The Maryland attorney general's office and the Humane Society of the United States are to announce today an increase in rewards for people who provide law enforcement authorities with information on illegal dogfighting events in Maryland and across the country.
Coming on the first anniversary of NFL quarterback Michael Vick's federal indictment on dogfighting charges, the move will double the money offered for information leading to arrests and convictions, from $2,500 to $5,000.
"We're making a concerted effort to eliminate dogfighting," said John Goodwin, manager of animal fighting issues for the Humane Society of the United States.
Since Vick pleaded guilty to federal dogfighting conspiracy charges in August last year and was sentenced to 23 months in prison, Goodwin said, the humane society reports that arrests involving dogfighting have tripled across the nation and that the society has paid out 20 rewards this year.
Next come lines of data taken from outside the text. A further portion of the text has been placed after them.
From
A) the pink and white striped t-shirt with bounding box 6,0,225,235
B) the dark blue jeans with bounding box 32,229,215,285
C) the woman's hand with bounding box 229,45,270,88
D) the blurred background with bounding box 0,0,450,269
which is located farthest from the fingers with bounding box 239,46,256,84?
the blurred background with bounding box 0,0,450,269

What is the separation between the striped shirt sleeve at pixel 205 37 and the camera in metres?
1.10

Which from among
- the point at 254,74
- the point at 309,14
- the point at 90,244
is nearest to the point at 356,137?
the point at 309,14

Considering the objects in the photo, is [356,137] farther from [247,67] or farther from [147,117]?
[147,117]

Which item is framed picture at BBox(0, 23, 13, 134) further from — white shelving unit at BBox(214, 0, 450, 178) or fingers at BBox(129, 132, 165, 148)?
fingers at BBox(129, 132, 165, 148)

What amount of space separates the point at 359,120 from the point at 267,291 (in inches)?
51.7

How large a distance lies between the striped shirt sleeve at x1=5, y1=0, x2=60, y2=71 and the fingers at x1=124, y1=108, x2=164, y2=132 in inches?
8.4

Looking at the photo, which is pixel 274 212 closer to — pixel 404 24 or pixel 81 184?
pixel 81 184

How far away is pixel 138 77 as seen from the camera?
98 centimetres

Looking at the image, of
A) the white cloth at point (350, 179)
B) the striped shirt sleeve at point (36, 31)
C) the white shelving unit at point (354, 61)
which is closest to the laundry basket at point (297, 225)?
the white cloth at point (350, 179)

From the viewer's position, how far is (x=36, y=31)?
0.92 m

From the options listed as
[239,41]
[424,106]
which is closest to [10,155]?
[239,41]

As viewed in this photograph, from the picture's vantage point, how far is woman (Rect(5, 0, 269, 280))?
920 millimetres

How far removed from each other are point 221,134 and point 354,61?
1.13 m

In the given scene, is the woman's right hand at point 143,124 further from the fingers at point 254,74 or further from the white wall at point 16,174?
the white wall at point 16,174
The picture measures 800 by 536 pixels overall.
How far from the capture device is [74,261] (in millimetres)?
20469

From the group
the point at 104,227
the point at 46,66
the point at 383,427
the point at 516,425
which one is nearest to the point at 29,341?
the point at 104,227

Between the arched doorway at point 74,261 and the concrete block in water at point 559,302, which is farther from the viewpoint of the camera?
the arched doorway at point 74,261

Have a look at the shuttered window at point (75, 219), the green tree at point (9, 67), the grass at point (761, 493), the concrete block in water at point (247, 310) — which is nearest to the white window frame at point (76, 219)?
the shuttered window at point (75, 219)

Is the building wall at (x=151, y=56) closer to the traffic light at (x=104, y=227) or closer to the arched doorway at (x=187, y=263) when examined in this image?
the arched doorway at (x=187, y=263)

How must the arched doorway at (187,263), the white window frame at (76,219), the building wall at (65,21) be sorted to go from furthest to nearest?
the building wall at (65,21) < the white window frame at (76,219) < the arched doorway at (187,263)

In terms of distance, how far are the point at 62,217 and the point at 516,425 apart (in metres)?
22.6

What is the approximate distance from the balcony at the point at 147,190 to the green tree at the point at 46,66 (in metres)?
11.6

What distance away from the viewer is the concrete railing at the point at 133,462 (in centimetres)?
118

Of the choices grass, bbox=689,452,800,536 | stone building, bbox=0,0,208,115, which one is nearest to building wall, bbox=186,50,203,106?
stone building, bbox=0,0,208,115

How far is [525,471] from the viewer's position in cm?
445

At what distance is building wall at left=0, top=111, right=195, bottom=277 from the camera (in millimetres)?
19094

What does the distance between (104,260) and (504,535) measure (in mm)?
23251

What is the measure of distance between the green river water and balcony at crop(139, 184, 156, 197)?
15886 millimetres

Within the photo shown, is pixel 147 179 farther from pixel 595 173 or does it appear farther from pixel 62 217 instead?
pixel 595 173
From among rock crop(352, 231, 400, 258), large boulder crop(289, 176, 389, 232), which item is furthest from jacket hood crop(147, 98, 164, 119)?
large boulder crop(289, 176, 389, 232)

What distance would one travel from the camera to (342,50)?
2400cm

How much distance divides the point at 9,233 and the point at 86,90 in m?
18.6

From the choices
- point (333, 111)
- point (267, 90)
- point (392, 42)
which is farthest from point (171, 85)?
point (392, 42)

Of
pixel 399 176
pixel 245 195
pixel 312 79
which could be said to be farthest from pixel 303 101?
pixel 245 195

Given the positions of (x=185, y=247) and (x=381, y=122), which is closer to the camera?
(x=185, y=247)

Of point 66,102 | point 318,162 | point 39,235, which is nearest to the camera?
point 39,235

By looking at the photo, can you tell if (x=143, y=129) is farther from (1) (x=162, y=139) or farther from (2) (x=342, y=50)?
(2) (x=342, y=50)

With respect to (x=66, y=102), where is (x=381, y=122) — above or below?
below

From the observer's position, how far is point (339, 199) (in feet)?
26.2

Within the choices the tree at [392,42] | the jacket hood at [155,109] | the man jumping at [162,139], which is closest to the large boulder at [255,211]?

The money comes from a donation from the Holland M. Ware Charitable Foundation, based in Hogansville, Ga.
Goodwin said many people are scared to come forward with tips, but Vick's indictment brought widespread attention to the issue. "We want to offer people an incentive," Goodwin said, adding that informant's confidentiality will be protected.
Today's announcement is to be made by Goodwin and Maryland Attorney General Douglas F. Gansler at the Humane Society of Baltimore County in Reisterstown.
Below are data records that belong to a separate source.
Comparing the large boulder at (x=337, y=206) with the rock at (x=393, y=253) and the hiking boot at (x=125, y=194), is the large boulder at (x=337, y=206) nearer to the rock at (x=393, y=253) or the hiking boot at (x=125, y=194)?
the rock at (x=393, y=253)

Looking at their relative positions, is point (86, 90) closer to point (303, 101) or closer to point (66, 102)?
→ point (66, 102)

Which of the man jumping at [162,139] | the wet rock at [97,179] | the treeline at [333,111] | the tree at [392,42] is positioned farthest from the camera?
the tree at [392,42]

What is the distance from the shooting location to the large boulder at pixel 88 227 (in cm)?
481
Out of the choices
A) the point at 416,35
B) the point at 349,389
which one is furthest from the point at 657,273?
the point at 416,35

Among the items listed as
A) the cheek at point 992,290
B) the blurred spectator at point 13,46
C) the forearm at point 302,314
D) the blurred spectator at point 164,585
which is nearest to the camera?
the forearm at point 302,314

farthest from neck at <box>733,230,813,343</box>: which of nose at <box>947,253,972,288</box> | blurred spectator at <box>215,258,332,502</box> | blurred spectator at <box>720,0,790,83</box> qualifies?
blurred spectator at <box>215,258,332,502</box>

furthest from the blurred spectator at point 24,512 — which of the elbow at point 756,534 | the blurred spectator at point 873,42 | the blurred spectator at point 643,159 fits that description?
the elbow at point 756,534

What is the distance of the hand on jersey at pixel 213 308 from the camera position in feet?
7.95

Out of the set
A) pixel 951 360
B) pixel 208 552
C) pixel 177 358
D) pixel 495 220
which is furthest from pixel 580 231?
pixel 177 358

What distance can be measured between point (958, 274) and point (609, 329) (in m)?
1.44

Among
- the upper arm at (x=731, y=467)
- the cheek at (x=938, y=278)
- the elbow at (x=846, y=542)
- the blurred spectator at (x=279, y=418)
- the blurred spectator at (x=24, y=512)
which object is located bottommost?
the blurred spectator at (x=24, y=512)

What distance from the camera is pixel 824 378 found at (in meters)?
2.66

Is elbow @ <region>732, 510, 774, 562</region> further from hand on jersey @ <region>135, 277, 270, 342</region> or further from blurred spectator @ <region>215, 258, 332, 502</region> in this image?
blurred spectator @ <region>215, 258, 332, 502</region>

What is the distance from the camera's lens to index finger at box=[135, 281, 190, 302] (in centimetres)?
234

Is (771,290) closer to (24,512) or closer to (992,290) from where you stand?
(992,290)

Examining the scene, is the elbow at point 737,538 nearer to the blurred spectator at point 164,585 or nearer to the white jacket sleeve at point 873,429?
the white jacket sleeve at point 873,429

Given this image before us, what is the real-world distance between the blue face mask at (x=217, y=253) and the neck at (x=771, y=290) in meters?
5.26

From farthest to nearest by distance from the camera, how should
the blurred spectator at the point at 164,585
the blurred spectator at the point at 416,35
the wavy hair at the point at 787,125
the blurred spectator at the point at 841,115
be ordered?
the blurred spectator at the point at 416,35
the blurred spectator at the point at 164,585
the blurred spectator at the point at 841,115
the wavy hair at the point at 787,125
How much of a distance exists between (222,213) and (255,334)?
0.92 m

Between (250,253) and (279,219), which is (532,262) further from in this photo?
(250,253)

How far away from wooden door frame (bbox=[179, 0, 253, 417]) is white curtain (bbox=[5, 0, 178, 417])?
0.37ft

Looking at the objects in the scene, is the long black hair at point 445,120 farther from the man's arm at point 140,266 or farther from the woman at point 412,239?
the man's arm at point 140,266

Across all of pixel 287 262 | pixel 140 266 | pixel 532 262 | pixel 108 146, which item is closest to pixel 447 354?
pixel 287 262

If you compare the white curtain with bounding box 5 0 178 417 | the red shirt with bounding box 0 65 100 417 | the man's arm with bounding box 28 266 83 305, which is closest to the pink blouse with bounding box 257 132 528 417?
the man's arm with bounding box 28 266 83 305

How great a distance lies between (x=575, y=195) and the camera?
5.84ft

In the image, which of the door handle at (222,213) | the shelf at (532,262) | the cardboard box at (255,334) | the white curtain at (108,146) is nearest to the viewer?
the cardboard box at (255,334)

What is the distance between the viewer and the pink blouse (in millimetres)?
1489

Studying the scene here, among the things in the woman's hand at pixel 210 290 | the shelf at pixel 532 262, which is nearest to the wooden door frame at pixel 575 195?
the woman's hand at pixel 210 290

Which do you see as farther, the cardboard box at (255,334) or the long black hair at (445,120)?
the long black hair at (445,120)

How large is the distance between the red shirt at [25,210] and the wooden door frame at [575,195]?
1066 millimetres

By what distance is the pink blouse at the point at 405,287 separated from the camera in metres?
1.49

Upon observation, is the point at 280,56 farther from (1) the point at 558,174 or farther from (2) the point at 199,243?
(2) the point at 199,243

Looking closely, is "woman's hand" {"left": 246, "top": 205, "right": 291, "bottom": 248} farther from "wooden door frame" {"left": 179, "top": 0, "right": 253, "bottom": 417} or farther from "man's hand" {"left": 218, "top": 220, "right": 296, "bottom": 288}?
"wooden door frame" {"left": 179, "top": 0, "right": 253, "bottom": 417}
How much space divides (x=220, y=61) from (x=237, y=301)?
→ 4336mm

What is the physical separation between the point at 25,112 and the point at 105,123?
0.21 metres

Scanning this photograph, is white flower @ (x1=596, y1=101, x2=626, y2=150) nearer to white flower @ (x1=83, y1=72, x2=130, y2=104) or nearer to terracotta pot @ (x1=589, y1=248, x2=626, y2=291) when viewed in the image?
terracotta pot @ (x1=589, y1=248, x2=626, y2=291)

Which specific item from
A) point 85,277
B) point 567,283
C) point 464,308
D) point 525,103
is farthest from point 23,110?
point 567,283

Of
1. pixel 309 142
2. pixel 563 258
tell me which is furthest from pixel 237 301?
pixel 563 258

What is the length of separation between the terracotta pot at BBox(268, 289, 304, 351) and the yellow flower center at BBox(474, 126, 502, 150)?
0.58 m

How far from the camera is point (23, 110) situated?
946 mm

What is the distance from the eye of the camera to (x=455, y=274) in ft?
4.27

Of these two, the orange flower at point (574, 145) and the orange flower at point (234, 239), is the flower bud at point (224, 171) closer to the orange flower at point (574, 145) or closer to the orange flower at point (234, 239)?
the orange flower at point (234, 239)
Bob Anderson, director of animal control for Baltimore City, said his office gets tips from neighbors, and injured dogs are sometimes found in abandoned buildings. "Sometimes we don't get direct answers," he said, adding that even scant information can "point us in the right direction."
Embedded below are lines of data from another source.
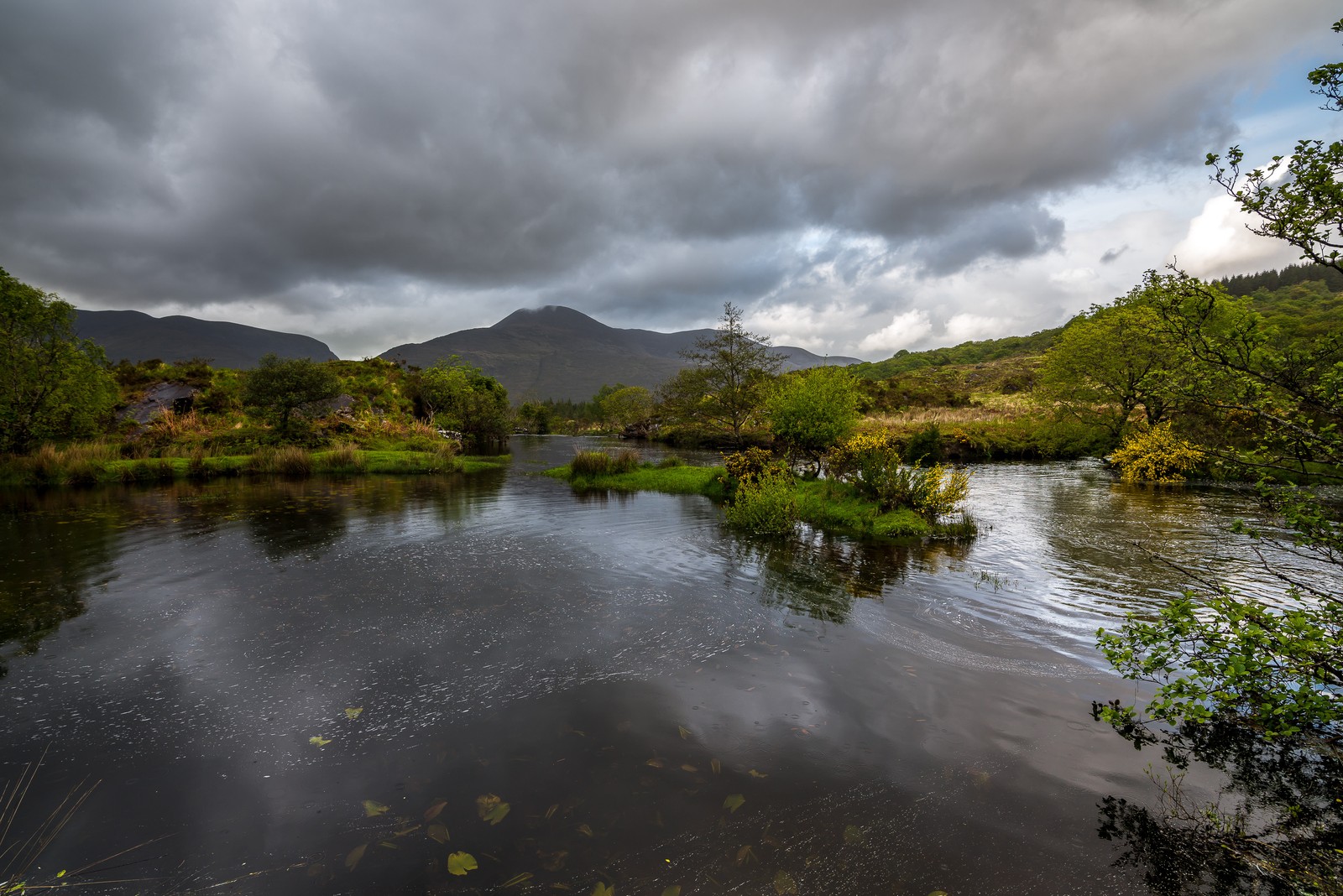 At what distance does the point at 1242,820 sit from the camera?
4.17m

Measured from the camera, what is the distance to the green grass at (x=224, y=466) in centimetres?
2244

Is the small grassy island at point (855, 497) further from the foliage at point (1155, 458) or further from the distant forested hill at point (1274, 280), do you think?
the distant forested hill at point (1274, 280)

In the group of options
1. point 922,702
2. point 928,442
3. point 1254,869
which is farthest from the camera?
A: point 928,442

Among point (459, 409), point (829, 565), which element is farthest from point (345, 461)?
point (829, 565)

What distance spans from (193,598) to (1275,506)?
14789 millimetres

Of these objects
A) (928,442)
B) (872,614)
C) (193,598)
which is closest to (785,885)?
(872,614)

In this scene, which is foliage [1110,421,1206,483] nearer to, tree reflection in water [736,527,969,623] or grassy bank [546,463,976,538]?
grassy bank [546,463,976,538]

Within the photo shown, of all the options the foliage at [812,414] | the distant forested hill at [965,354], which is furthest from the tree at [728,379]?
the distant forested hill at [965,354]

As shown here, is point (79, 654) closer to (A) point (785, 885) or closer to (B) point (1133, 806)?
(A) point (785, 885)

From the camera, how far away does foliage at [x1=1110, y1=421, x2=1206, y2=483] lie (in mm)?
22092

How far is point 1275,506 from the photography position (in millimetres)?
4367

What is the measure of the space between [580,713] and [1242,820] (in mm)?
5816

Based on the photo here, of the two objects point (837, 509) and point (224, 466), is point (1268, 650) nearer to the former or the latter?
point (837, 509)

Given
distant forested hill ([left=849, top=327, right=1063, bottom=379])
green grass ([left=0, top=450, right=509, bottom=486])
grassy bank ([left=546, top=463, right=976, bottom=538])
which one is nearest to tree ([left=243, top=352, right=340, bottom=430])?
green grass ([left=0, top=450, right=509, bottom=486]) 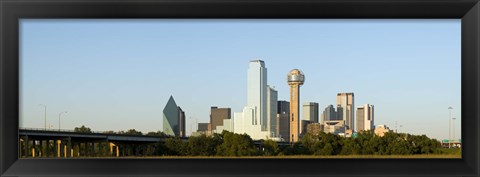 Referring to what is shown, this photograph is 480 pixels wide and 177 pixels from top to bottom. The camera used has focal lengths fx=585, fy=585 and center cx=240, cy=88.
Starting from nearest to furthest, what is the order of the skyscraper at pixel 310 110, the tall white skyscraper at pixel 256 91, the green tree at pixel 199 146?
the green tree at pixel 199 146 < the tall white skyscraper at pixel 256 91 < the skyscraper at pixel 310 110

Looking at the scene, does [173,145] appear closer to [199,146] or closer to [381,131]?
[199,146]

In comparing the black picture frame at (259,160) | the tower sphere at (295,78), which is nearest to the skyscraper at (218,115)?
the tower sphere at (295,78)

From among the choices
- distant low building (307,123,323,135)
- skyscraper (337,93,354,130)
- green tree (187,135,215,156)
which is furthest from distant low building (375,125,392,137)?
skyscraper (337,93,354,130)

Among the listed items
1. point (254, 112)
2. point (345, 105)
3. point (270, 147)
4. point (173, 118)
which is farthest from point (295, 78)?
point (270, 147)

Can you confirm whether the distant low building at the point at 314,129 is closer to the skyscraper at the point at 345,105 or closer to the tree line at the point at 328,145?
the skyscraper at the point at 345,105

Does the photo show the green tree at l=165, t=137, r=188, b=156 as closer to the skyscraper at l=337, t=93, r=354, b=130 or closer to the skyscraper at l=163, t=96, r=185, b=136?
the skyscraper at l=163, t=96, r=185, b=136

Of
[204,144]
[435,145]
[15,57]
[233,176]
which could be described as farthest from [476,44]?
[204,144]

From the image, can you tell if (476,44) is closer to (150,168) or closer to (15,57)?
(150,168) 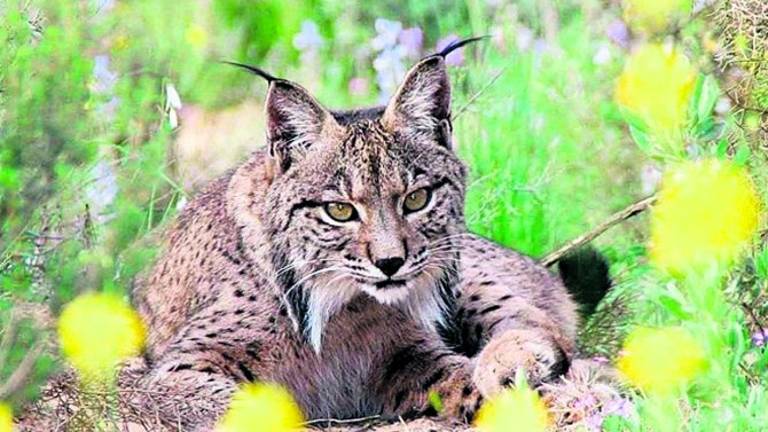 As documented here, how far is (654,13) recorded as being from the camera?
19.7 ft

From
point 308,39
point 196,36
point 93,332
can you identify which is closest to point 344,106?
point 308,39

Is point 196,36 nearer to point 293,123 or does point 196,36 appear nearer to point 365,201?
point 293,123

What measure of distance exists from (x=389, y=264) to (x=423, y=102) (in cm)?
54

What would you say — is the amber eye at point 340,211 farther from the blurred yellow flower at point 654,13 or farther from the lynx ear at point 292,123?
the blurred yellow flower at point 654,13

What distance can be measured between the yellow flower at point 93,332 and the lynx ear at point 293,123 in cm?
79

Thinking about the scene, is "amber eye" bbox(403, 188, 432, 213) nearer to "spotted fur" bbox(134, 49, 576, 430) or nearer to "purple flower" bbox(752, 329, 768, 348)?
"spotted fur" bbox(134, 49, 576, 430)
Police Sgt. Tammy Moore, director of the city's dog-fighting task force, described dogfighting as an "underground" activity in which owners and players don't advertise. She said she has heard of organizers changing the location up to an hour before a fight is scheduled.
According to the humane society Web site, dogfighting is a felony in all 50 states. A conviction in Maryland can result in a prison term up to three years and a $5,000 fine. Possession of a fighting dog also is considered a felony, while attending a dogfight is a misdemeanor, with possible jail time up to 90 days and up to $1,000 in fines.
Moore said police will occasionally find "bait" dogs, which are used to train the competitive fighting dogs; the "bait" dogs are kept in small crates, are often malnourished and have unhealed wounds. She said she has found a dog with an ear missing. Goodwin said he has heard of a case where a female pit bull had its bottom jaw ripped off, but the owners kept her for breeding.
"It's pretty gruesome," Moore said. But "the people involved don't see it as doing something wrong."
While many of the dogs in Vick's case were taken to other states for rehabilitation, Anderson said, the city doesn't have the money to do so, and the dogs are euthanized.
"It's truly a blood sport," Moore said.